Nicolas Falcimaigne, Le Mouton NOIR, Rimouski, mai-juin 2014
Tout va mal. Caroline Jacques le sait. Extinction des espèces et des écosystèmes, projets pétroliers, peuple endormi… Tout va mal. La militante le dénonce sur toutes les tribunes. Mais l’artiste peint le beau. Le si beau qu’il en est provocant.
Une tempête de neige a salué le vernissage de l’exposition printanière de Caroline Jacques au Musée du Bas-Saint-Laurent, à Rivière-du-Loup. Des baleines sur des toiles géantes, bien à leur place dans la vaste salle.
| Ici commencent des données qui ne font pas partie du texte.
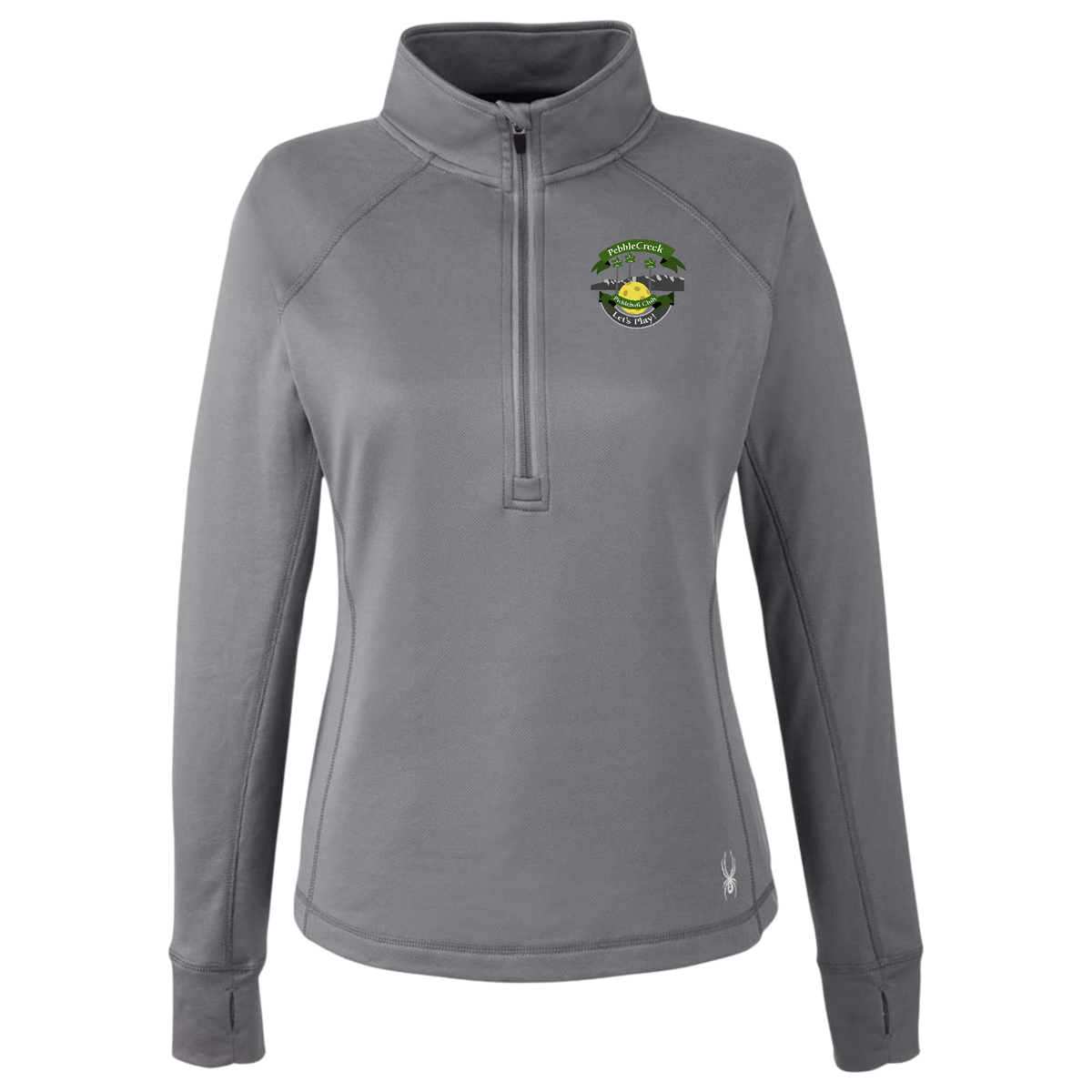 PebbleCreek Womens Quarter Zip Spyder Main Logo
Quelques pas dans le fleuve aux mille vies, si fragiles. « Je peins le beau en espérant que ça aura un effet sur les gens, les conscientisant. C’est comme une prière », explique l’artiste de Saint-Fabien qui travaille au trait vif, expressionniste, découpé et qui manie aussi bien le dripping que l’estampe.
Caroline Jacques a conservé les lignes de cartographie abstraite qui sont sa signature depuis des années. De cette trame où l’humain a laissé sa trace, elle fait émerger la masse organique, comme pour l’en sauver. Ici, c’est la baleine, qui se fond en l’artiste et en nous, pour devenir un autoportrait, un miroir.
« C’est assez »
Témoins discrets d’un art engagé, les titres d’œuvres sont éloquents. L’un d’eux, reproduit en toutes lettres sur la toile, s’écrie : « C’est assez », avec une queue de baleine brandie tel un arrêt-stop. Jeu de mots convenu, message limpide.
« Oculus megaptera », l’œil qui voit toutes les frasques de l’humain, est un œil grandeur nature dans la lignée des toiles sombres de Caroline Jacques, où parfois s’ouvrent trous noirs et tourbillons inquiétants. Une pièce très intérieure, marquante pour qui osera y mirer son cœur. « L’œil de la baleine contient l’histoire du monde », résume l’artiste.
Son « Hommage à Magtogoek », œuvre maîtresse de la série, montre le Saint-Laurent découpé en une mosaïque foisonnant d’animaux. Depuis deux ans, les êtres sont « apparus spontanément dans l’image, même des animaux dont j’ignorais l’existence », confie l’artiste encore étonnée. Le seul humain qui s’y est glissé est un enfant qui semble contempler la biodiversité.
Contre les hydrocarbures
« La baleine était le pétrole du passé », rappelle l’artiste en évoquant l’huile de baleine qui éclairait l’Europe avant l’ère industrielle. « Aujourd’hui, les énergies fossiles sont sa nouvelle menace. » Le chenal migratoire au nord de l’île d’Anticosti a d’ailleurs connu un déversement à Sept-Îles il y a quelques mois.
« Le Bélouga à Montréal », la peau crevassée par l’eau douce, serait le premier tableau de la série Filets, œuvres dédiées à des baleines bien réelles qui ont été victimes de la « civilisation » humaine. À suivre…
À deux pas d’un futur terminal pétrolier
La région de Rivière-du-Loup est actuellement dans la mire du projet Oléoduc Énergie Est de TransCanada, qui entend installer son terminal pétrolier au port de Gros-Cacouna, dans l’aire de reproduction des bélugas.
Rébecca Hamilton, conservatrice au Musée du Bas-Saint-Laurent, croit qu’« au-delà de l’aspect esthétique, les visiteurs comprennent bien le message de l’exposition », réalisée en collaboration avec le Réseau d’observation des mammifères marins (ROMM).
« Caroline est une artiste renommée de la région, reconnue pour son engagement environnemental. Les artistes contemporains sont de plus en plus engagés », explique Mélanie Girard, directrice générale du Musée, à qui il tient à cœur de refléter cette réalité.
Hommage au grand berceau de vie sera présenté au Musée du Bas-Saint-Laurent jusqu’au 8 juin.